The Legal Peril of Bribery for Impact Investors

Last month, CIPE published “Impact Investing and Bribery: Risks and Incentives” in response to increasing interest in impact investing, especially within the non-profit community. The post briefly discussed the risks that come with impact investing, as well as advised impact investors on how to mitigate their risk. As a follow up to that post, this article seeks to expand upon the legal risks previously discussed and answer the question: Are impact investors legally liable for the corrupt actions of their investees?

Bribery of foreign officials is illegal under the U.S. Foreign Corrupt Practices Act (FCPA). More specifically, it is a crime for a “domestic concern” (U.S. person or U.S. company), certain entities that trade on the U.S. stock exchange, and foreign persons in the U.S. to knowingly provide anything of value to a foreign official if it helps to obtain or retain a business advantage.

For impact investors, a critical element of the FCPA is that willful blindness to a situation with a high probability of unlawful activity also fulfils the FCPA’s criteria for “knowingly.” Moreover, the U.S. government has taken to interpreting elements of the FCPA quite broadly—including its understanding of “business advantage” and “domestic concern.” This means that indirectly related parties—including impact investors—could be liable for the corrupt actions of others.

In United States v.

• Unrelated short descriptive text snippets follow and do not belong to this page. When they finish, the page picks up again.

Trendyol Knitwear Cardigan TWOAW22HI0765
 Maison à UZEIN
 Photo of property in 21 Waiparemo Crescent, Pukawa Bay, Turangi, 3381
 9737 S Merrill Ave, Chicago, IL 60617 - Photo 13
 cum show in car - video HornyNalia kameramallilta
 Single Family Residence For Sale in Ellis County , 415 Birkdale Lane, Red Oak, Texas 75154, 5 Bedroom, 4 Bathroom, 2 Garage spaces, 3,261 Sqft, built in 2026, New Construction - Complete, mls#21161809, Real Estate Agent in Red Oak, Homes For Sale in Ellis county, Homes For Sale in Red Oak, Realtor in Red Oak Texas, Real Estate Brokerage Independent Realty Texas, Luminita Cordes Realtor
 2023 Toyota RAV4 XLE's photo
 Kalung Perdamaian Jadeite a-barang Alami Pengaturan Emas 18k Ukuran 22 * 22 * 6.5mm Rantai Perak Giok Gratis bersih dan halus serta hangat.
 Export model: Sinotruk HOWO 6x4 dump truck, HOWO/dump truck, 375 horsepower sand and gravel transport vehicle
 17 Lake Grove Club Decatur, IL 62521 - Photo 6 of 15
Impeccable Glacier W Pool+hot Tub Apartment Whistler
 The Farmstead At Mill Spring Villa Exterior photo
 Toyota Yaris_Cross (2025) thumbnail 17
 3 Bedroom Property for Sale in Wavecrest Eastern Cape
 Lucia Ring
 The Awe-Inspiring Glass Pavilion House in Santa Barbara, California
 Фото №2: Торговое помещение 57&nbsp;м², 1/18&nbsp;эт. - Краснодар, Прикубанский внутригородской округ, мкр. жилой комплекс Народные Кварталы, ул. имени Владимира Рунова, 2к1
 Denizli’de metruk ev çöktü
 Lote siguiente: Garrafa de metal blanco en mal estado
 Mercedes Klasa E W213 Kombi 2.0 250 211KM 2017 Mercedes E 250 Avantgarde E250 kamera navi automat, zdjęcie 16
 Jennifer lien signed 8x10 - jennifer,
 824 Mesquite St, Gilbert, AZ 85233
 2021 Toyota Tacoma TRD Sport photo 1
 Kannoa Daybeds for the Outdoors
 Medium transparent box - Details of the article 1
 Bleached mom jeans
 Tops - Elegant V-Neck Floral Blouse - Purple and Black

Kozeny, the Second Circuit convicted an investor of FCPA violations because there was abundant evidence that he was willfully blind towards the legality of his investee’s business practices and “worked to avoid learning exactly what [his investee] was doing.” In its discussion of the FCPA’s “knowledge” standard, the Court referred to evidence indicating that the investor (1) knew corruption was pervasive in the region, (2) knew his partner had a reputation for corruption, (3) created companies to shield himself and other investors from potential liability, and (4) expressed concerns that his partner and company were bribing officials.

The U.S. Department of Justice (DOJ) also issued an opinion in 2010, stating that a U.S.-based microfinance non-profit was a “domestic concern” and was therefore subject to the FCPA. This means that even international non-governmental organizations (INGOs)—a growing segment of the impact investment community—are liable under the FCPA.

Moreover, there is nothing in U.S. anti-bribery law or any international anti-bribery agreement that specifically relieves non-profit organizations of liability. In fact, countries such as Canada have interpreted the Organisation for Economic Co-operation and Development’s Convention on Combating Bribery of Foreign Public Officials in International Business Transactions to cover non-profit entities.

What does this all mean for impact investors? Overall, it means that impact investors—including non-profit organizations in the impact investment space—should be wary as their legal risks under the FCPA are quite real. For these reasons, entities interested or currently engaging in impact investing should acknowledge their legal risks and ensure they have adequate compliance programs in place to safeguard themselves, their investments, and the potential for those investments to have a larger social impact.

To that end, CIPE works with the business community to support a range of efforts to combat corruption, including improving integrity standards and strengthening compliance standards for companies. As international development has integrated into the impact investment space, we want to make sure anti-corruption is part of that dialogue—especially for INGOs.